Ok, let us address the most important question first: Why does the title of Lewis Trondheim's book spell "alien" with three E's? The title page claims that the acronym stands for "Archives of Lost Issues of Earthly Editions of Extraterrestrial Novelties." My own opinion, based on the climax of this twisting, wordless narrative, is that the two extra E's stand for "excessive excrement." I will say no more, to preserve the innocence of those of you who have yet to read this graphic novel. Innocence that will be crushed all too soon. On page two, in fact, when an adorable little blue alien pig-creature gambols through a lurid pastoral landscape straight into the sharp branches of a tree, which poke his eyes out.

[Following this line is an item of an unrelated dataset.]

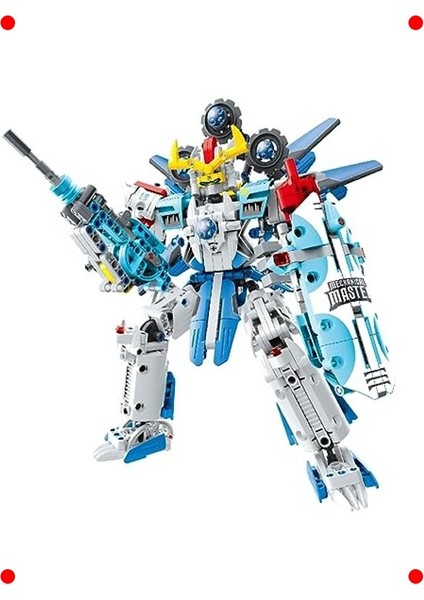 Stem Savaşçı Robot Yapım Seti - 502 Parça Eğitici Blok modelleri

Trondheim, in the grand "meta" tradition of Kierkegaard, claims to have found this volume in the middle of a scorched patch of earth while camping with his family (the edges of the pages still show vague burn marks), and to have passed it on unchanged to his publisher, excited at the prospect of discovering what alien children actually read. It rapidly becomes clear that these alien children are going to have a LOT to discuss with their therapists when they grow up. These tales have the primal, warning harshness of old fairy tales, the ones in which Cinderella's stepsisters fit into the slipper by cutting off their toes and heels. Multiple stories weave in and out of one another's awareness (in fact the whole landscape feels like a Renaissance romance with enraptured or terrified semi-allegorical characters running aimlessly through it: "Alien Furioso"). You are never sure that you truly understand the causal relationships between events until you get to the very last page. A disturbing book, but a really sort of brilliant one in terms of narrative construction.